Activity: The data below holds the lines to copy: everything from the line containing "Pegawai Bakamla Bekerja" to the line containing "Bijou de Rétroviseur", both ends included, set down exactly.
--- Supplied material ---
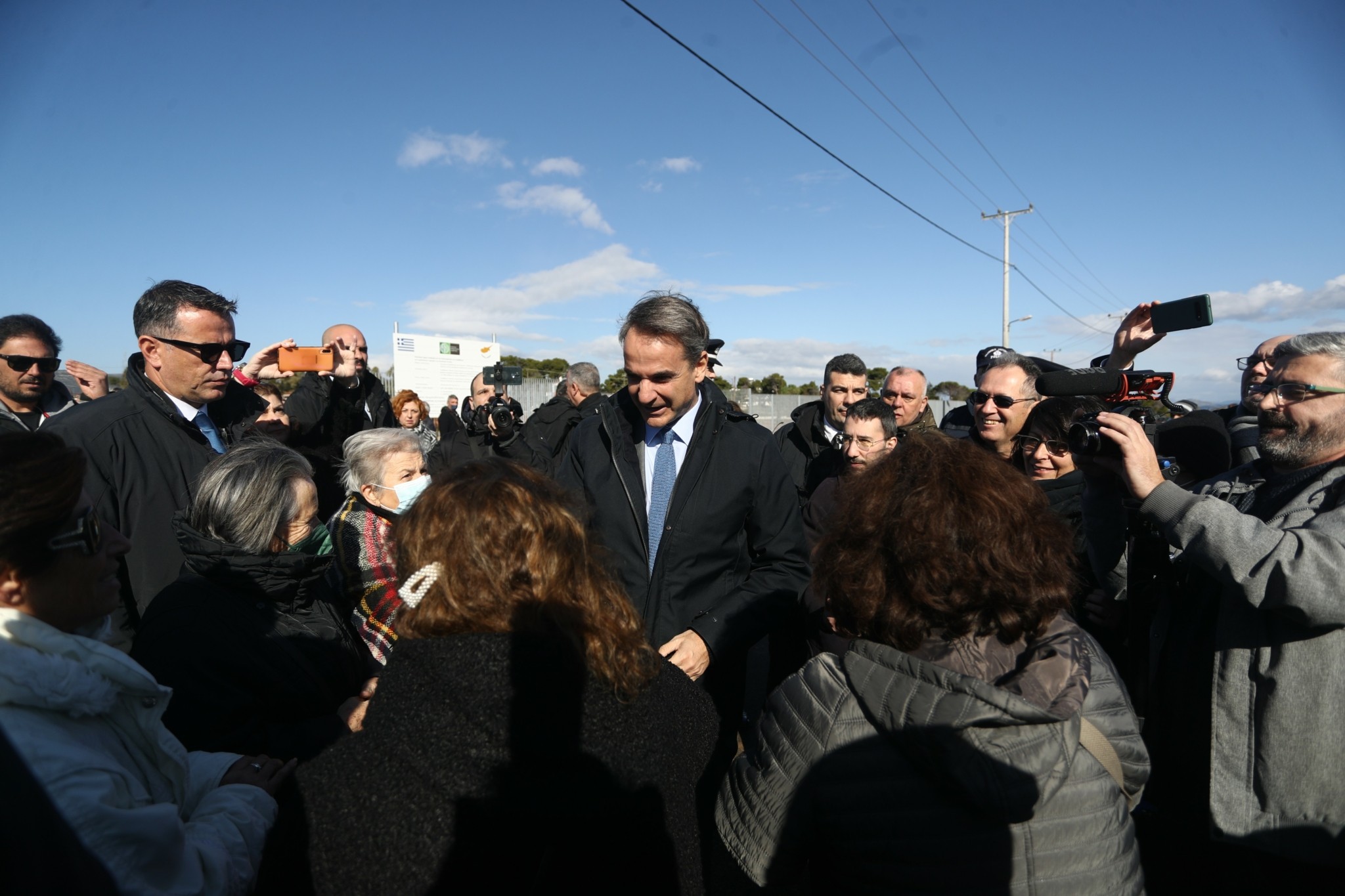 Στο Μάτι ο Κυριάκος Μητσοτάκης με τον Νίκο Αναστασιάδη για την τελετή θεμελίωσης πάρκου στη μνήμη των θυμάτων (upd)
---
--- Supplied material ---
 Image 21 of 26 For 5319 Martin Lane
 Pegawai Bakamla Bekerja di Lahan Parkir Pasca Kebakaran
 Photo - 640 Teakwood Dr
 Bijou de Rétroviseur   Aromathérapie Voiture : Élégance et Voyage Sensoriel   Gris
---
Reply to the exercise:
 Pegawai Bakamla Bekerja di Lahan Parkir Pasca Kebakaran
 Photo - 640 Teakwood Dr
 Bijou de Rétroviseur   Aromathérapie Voiture : Élégance et Voyage Sensoriel   Gris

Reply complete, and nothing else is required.